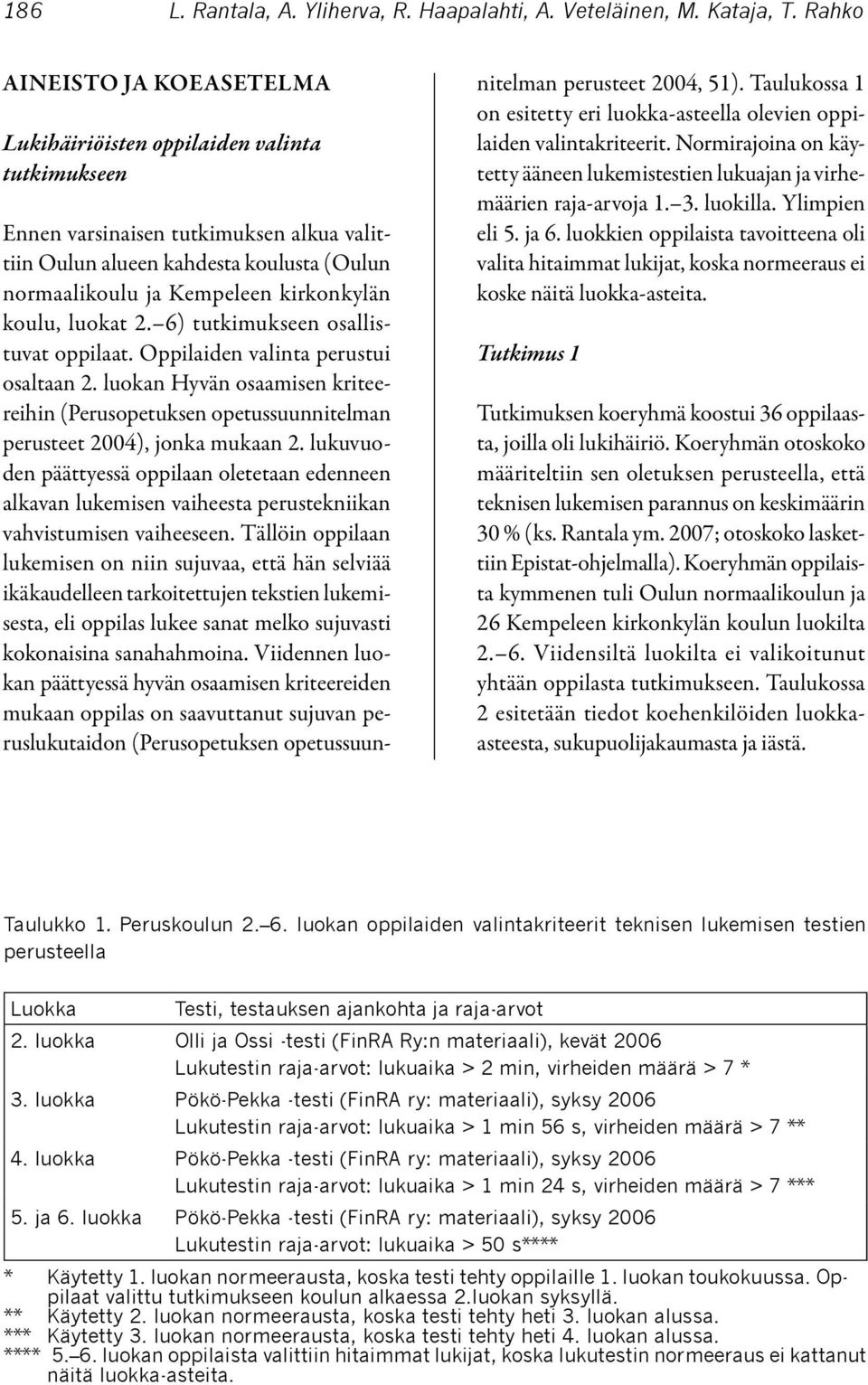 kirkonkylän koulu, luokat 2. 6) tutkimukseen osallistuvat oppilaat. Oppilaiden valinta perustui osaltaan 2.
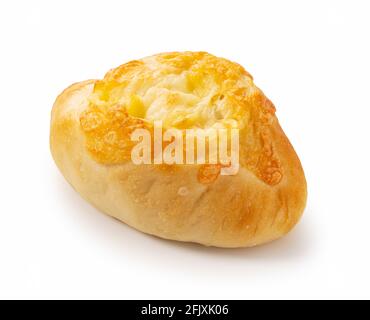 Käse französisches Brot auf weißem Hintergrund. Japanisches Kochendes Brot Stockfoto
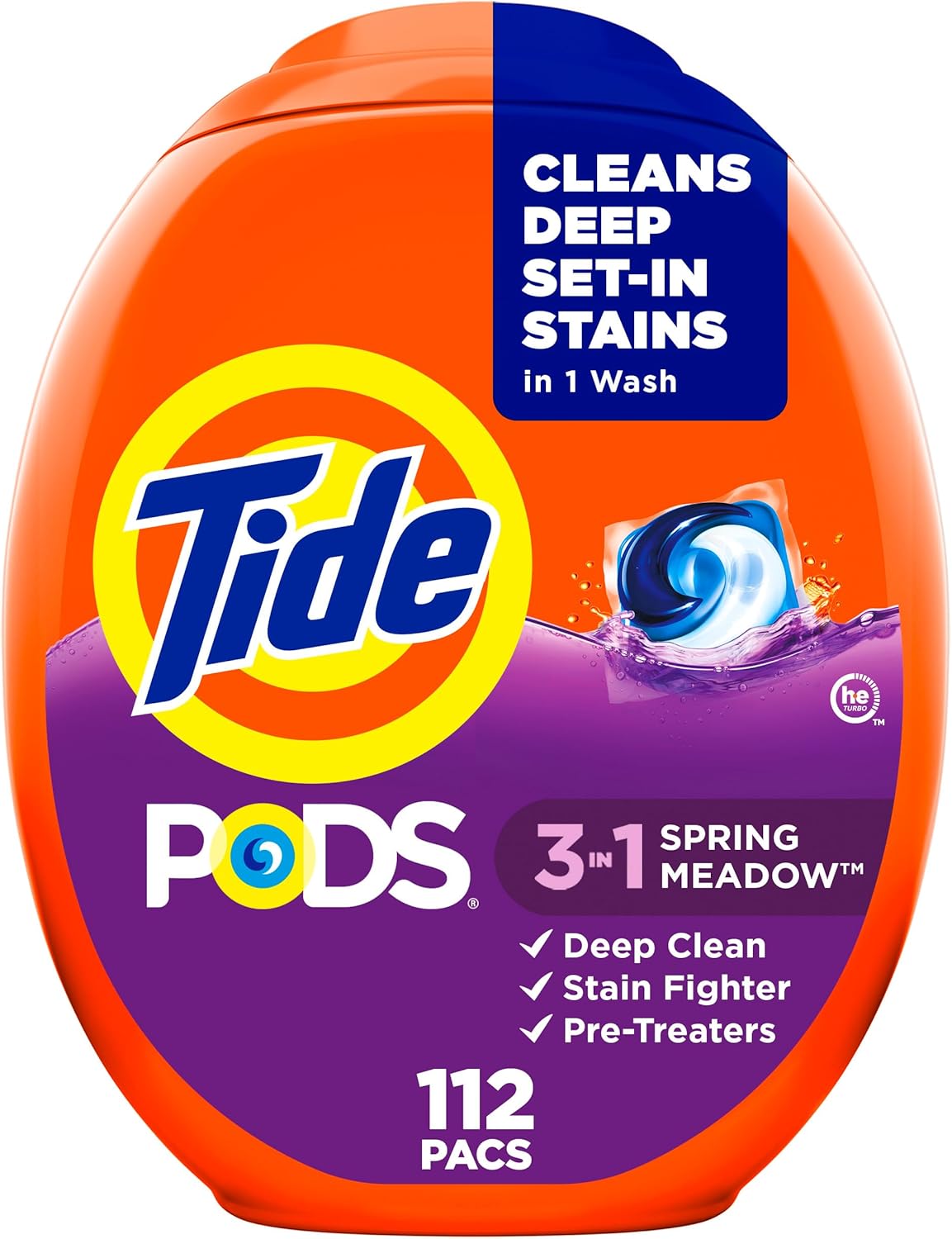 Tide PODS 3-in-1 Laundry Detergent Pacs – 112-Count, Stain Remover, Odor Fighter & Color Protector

---

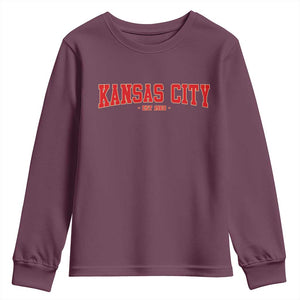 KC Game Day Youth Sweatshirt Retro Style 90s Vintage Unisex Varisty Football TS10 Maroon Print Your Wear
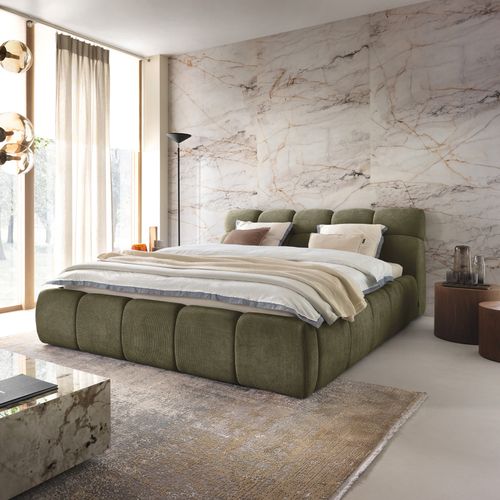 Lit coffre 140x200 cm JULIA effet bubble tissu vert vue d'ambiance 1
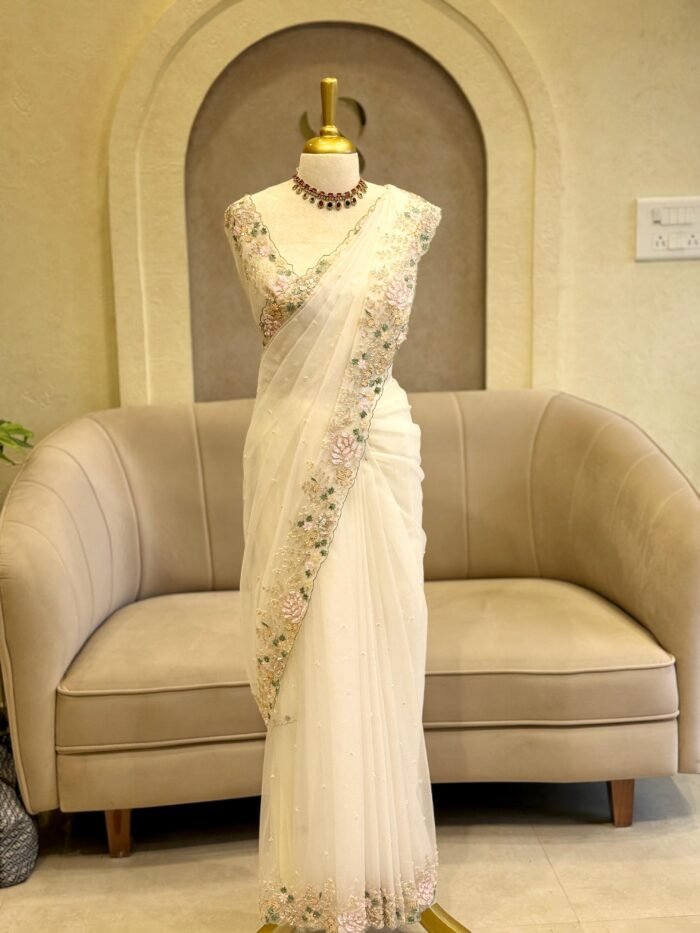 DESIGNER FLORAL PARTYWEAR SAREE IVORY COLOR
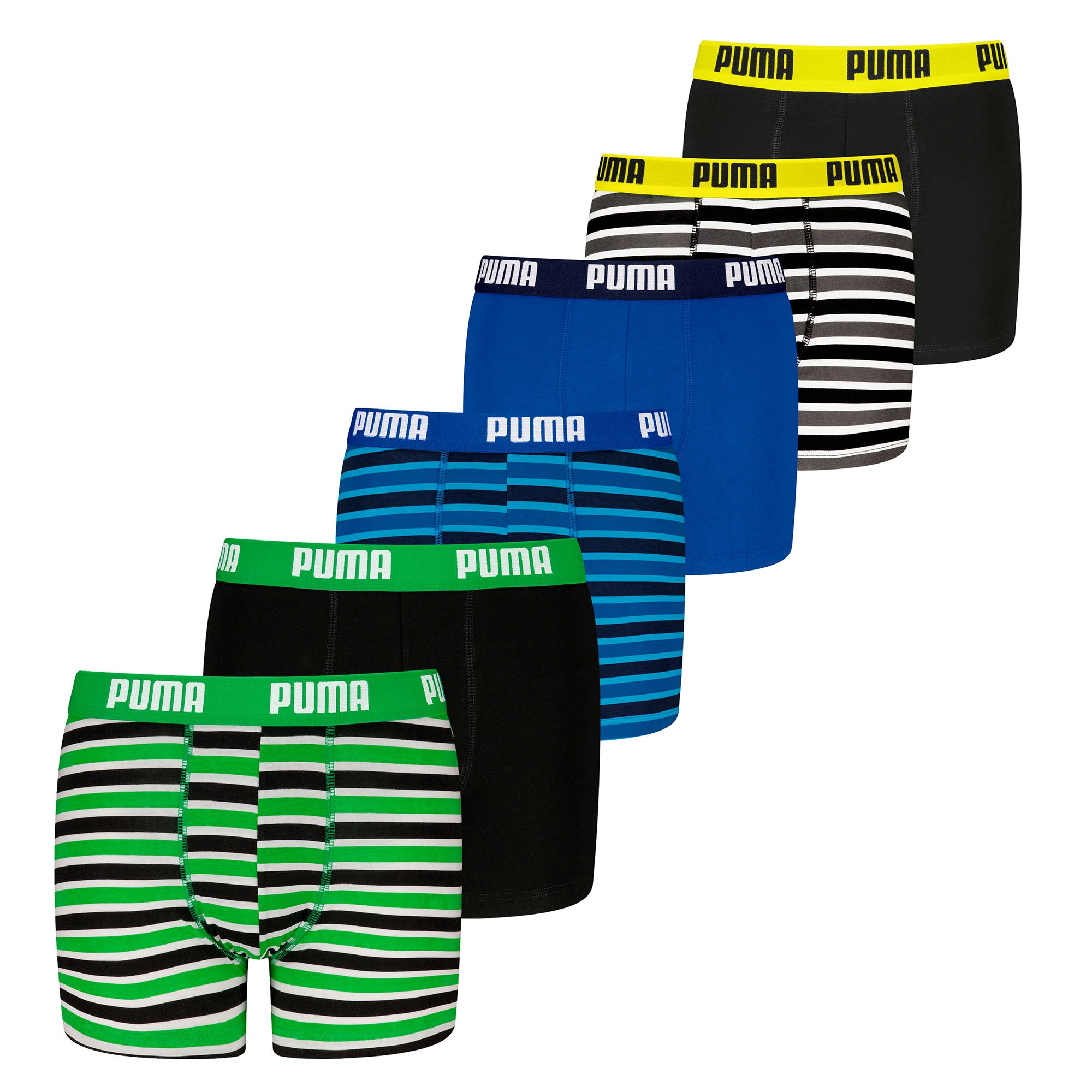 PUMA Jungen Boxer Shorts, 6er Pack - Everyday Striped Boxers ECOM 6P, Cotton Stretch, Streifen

About this task:
Leaving pictures out, output the lines of the data above from the one with "KC Game Day" through the one with "PUMA Jungen Boxer", word for word.

Answer box:
 KC Game Day Youth Sweatshirt Retro Style 90s Vintage Unisex Varisty Football TS10 Maroon Print Your Wear
 Lit coffre 140x200 cm JULIA effet bubble tissu vert vue d'ambiance 1
 DESIGNER FLORAL PARTYWEAR SAREE IVORY COLOR
 PUMA Jungen Boxer Shorts, 6er Pack - Everyday Striped Boxers ECOM 6P, Cotton Stretch, Streifen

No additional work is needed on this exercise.